DATA PROVIDED below:

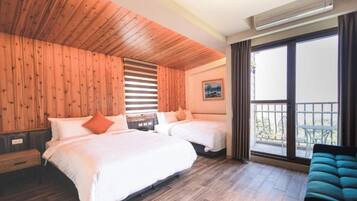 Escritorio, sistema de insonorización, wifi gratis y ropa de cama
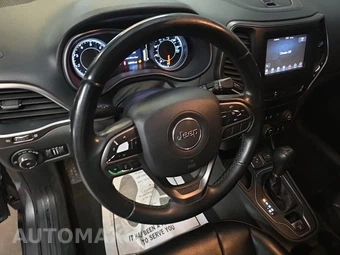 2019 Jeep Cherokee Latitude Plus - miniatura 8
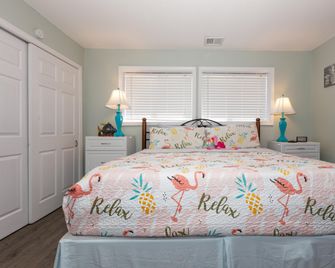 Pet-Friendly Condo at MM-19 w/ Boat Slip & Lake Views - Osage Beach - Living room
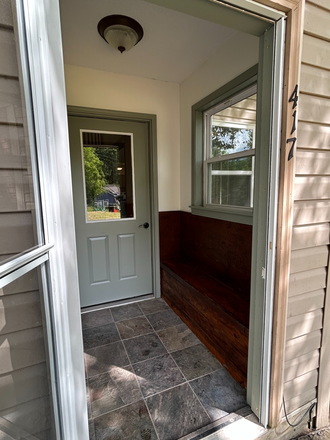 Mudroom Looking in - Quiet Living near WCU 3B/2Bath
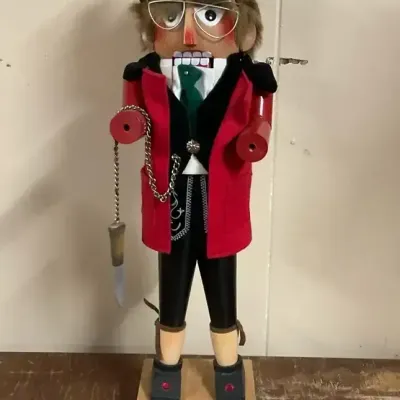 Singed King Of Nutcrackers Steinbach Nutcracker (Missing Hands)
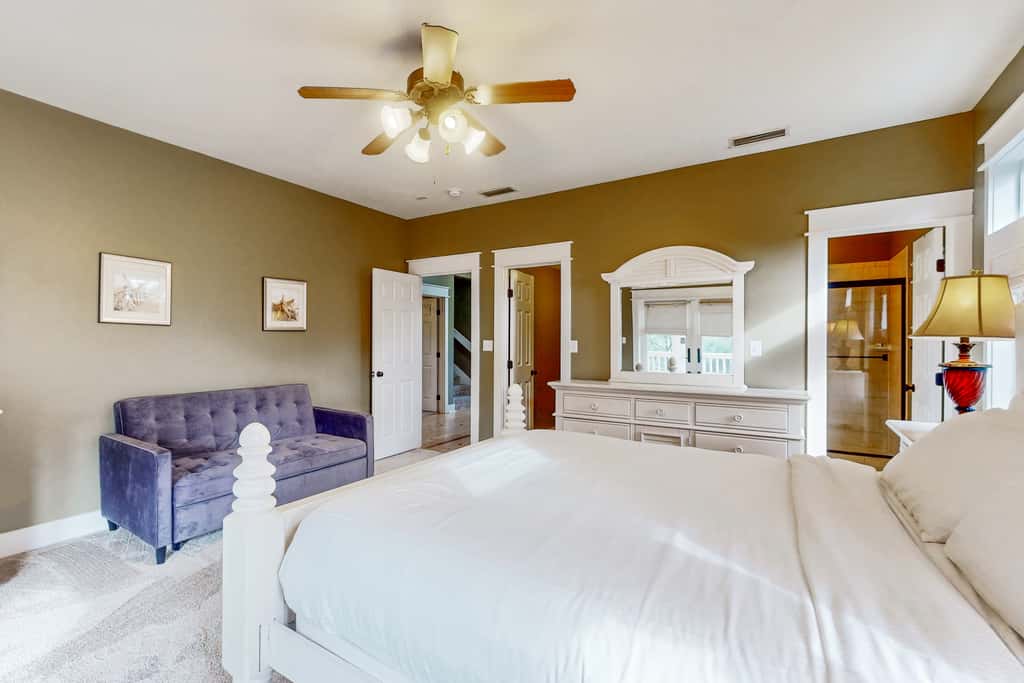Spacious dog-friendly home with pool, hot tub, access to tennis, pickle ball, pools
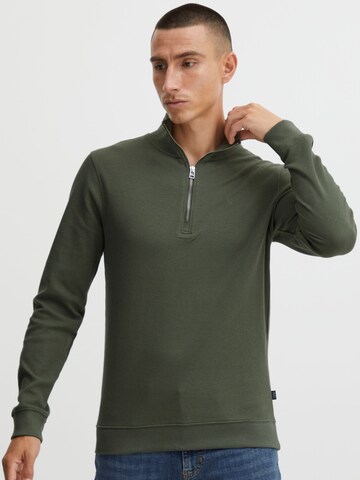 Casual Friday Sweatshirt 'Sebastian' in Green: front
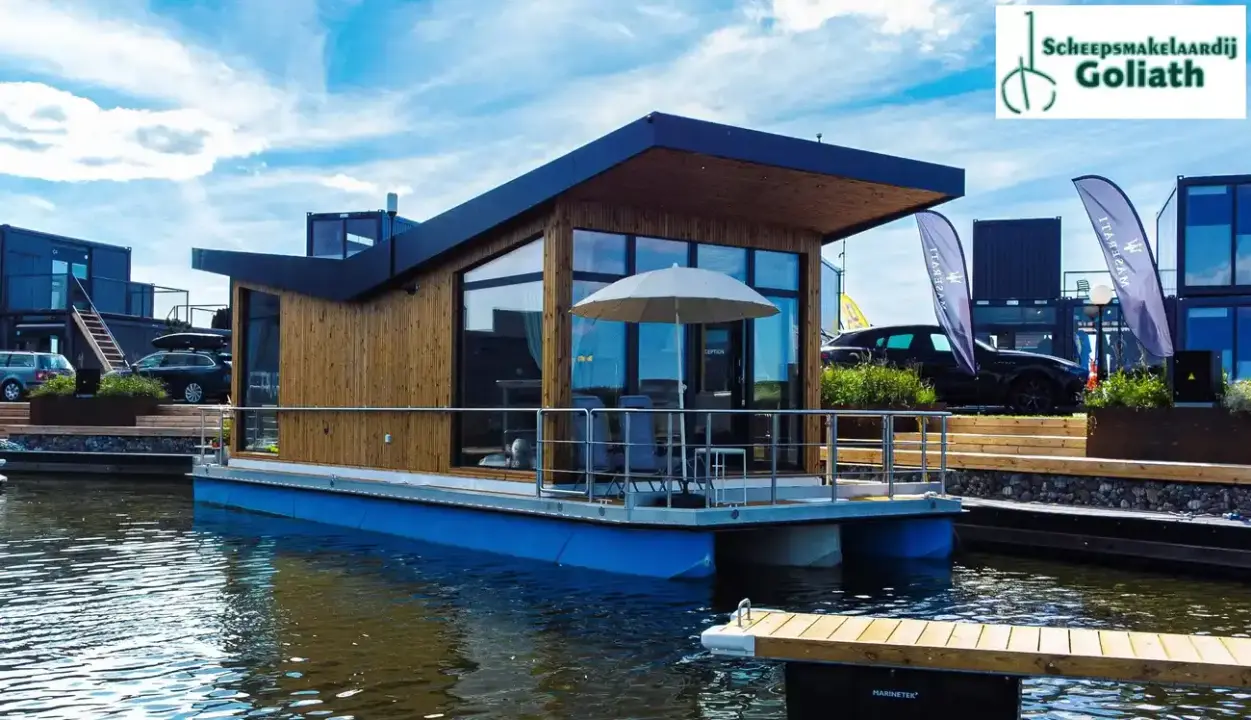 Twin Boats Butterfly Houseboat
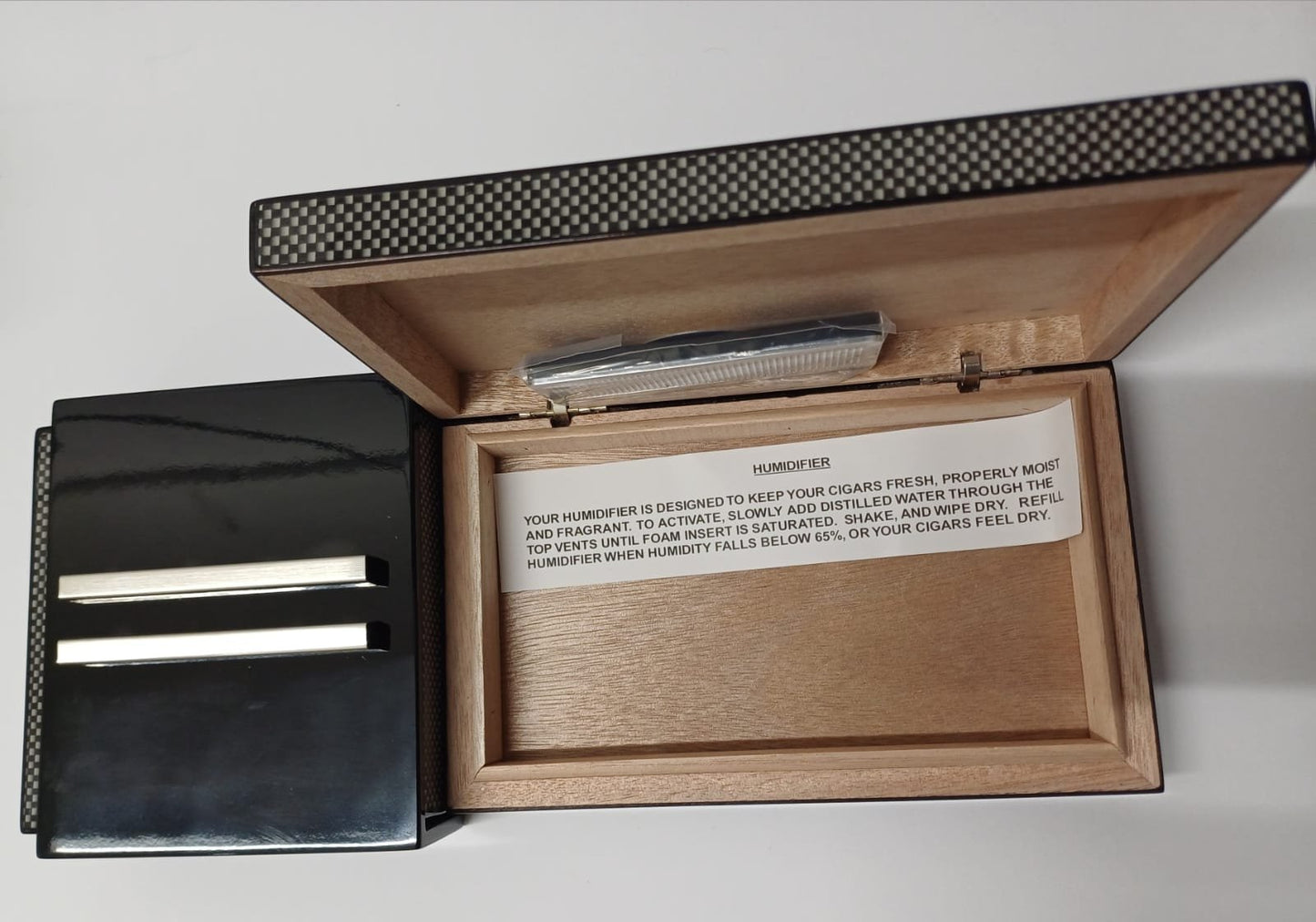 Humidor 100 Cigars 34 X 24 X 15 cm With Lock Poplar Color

End of DATA PROVIDED.

TO DO -> Output a verbatim copy of the entries and skip the pictures.

EXPECTED ANSWER ->
 Escritorio, sistema de insonorización, wifi gratis y ropa de cama
 2019 Jeep Cherokee Latitude Plus - miniatura 8
 Pet-Friendly Condo at MM-19 w/ Boat Slip & Lake Views - Osage Beach - Living room
 Mudroom Looking in - Quiet Living near WCU 3B/2Bath
 Singed King Of Nutcrackers Steinbach Nutcracker (Missing Hands)
Spacious dog-friendly home with pool, hot tub, access to tennis, pickle ball, pools
 Casual Friday Sweatshirt 'Sebastian' in Green: front
 Twin Boats Butterfly Houseboat
 Humidor 100 Cigars 34 X 24 X 15 cm With Lock Poplar Color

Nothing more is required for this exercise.